After the approach with the municipalities, the study followed to the qualitative deepening of the offer with the ten municipalities of the microregions of Belo Horizonte and Inconfidentes. The criteria for choosing these localities were based on the longest time that YAE has been serviced by them; the existence of research in theses and dissertations about YAE in the municipality; the involvement with the YAE forums; the development of its own teaching material, and the adherence to the research proposal. In each of the ten locations a school was selected, where classroom observations and interviews with students, teachers and YAE coordinators were performed.

Source: Soares; Silva (2018, p. 13).

Figure 1 Map of the microregion of Belo Horizonte and Inconfidentes 

From the results of the methodological approach with the municipal representatives, two recurring lines have been highlighted. One, “YAE will end”33, coming from the managers and another, the teachers’ statement, “I fell into YAE”34. These lines are understood as significant criticisms that should, therefore, be deepened.

“Will YAE end” or do they want to end YAE?

What arguments support the statement coming from municipal managers that “YAE will end”? In all the municipalities of the two microregions investigated, the right to education of youths and adults is effective, that is, are there available classrooms? Some factors collaborate with the discursive construction that YAE under certain circumstances will end. It is a scattered set that focuses on YAE in a concentrated manner and with long-lasting effects, because they are public concepts and policies.

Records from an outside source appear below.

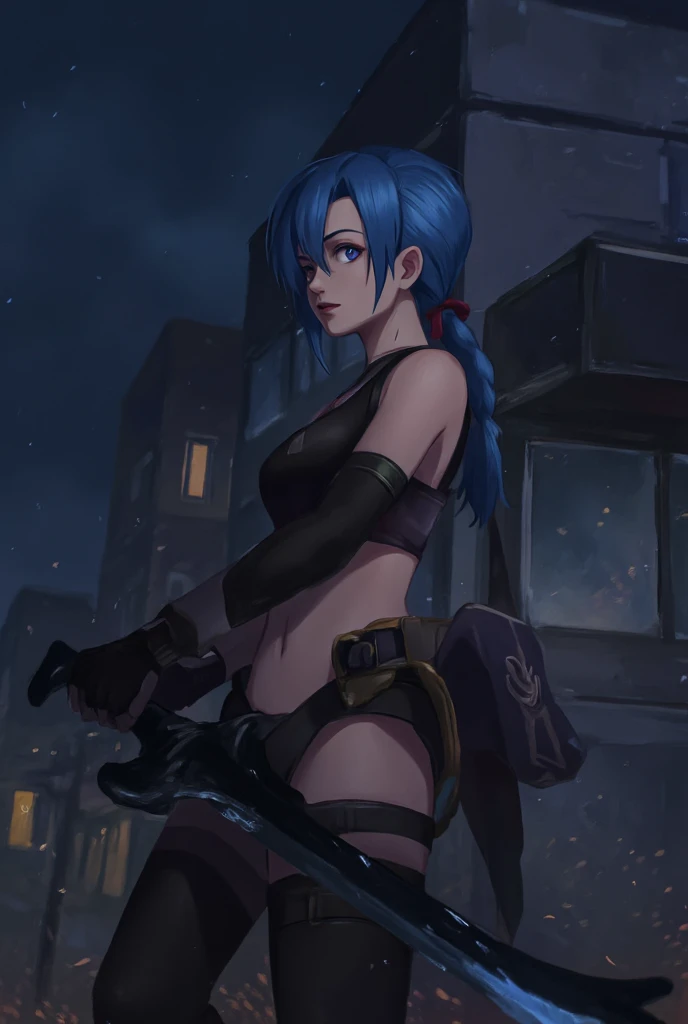 anime realism, Jinx from League of Legends, jinx (league of legends), a girl with long blue hair, As a member of the fearless vanguard, Jinx stands in the dark corner, ready to fight crime. Her gaze was firm, the weapon in her hand emitted a cold light, an...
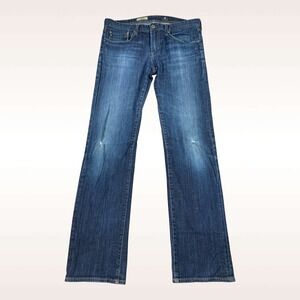 AG The Protege Jean Mens 34x34 Blue Classic Straight Stretch‎ Distressed Hunter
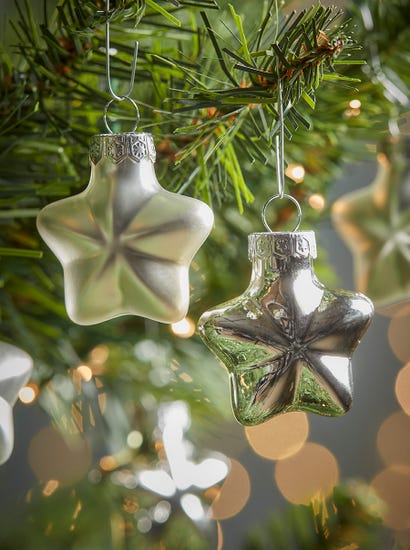 Twelve Miniature Star Glass Baubles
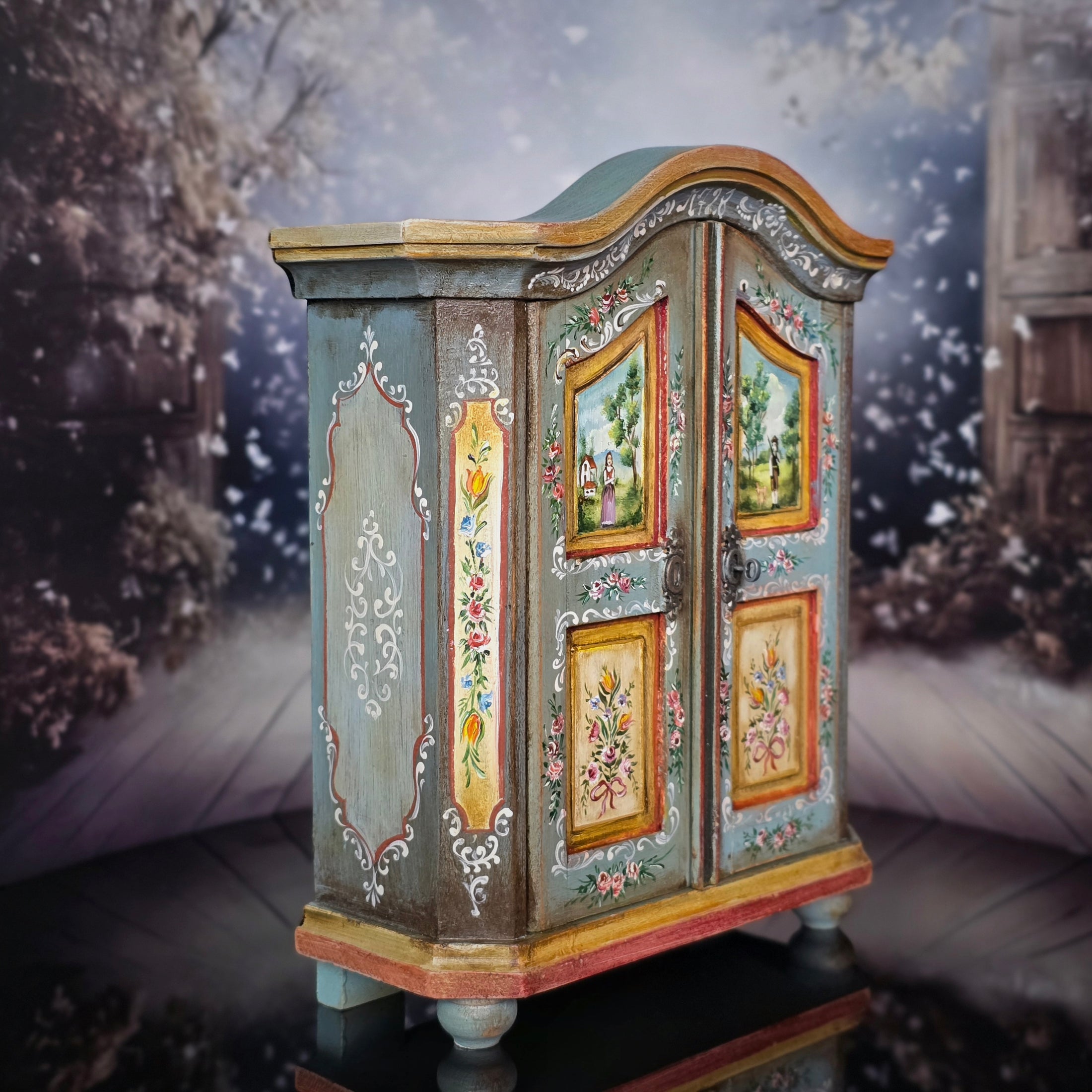 Hand-Painted OOAK Alpine Bauernschrank Folk Art Wardrobe by Aida Pravia of Spain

The idea of finitude of the population without schooling is a concept that coincides with the words of Darcy Ribeiro – “Let the old people die in peace! Let the old people die in peace!”35 during the Brazilian Education Conference in São Paulo (1990), in commemoration of the International Year of Literacy, as if youth and adult education were synonymous with literacy. The then Minister of Education Paulo Renato Souza (1995-2002) said, in the same narrative line as of Darcy Ribeiro, that Brazil would close once and for all the “factory of illiteracy”36 through the schooling of children. Minister José Goldemberg (1991-1992) reverberated that “the great problem of a country is the illiteracy of children and not of adults. The illiterate adult has already found his place in society. It may not be a good place, but it is their place. They can be a bricklayer, a building watchman, a garbage collector or follow other professions that do not require literacy”37. In addition, he added: “Adult literacy will not change much their position in society and may even disturb it. Let us focus our resources on teaching the young population how to read and write. We do it now, in ten years illiteracy disappears”38 (GOLDEMBERG, 1991, n.136, p.4).

It is widely known, and the words of the ministers reinforce it, that throughout Brazil’s history, schooling has not been for everyone. The obligation expressed by LDB 5,692/1971 established the right to education for the group from 7 to 14 years of age. This way, youth and adult portions of the population no longer benefit from this social good. Therefore, the affirmative, even if linked to the idea that “as soon as illiterate people learn to read and write”39 YAE ends, is fragile in a scenario of juvenalization of YAE, or even, because the education of youths and adults is not only literacy.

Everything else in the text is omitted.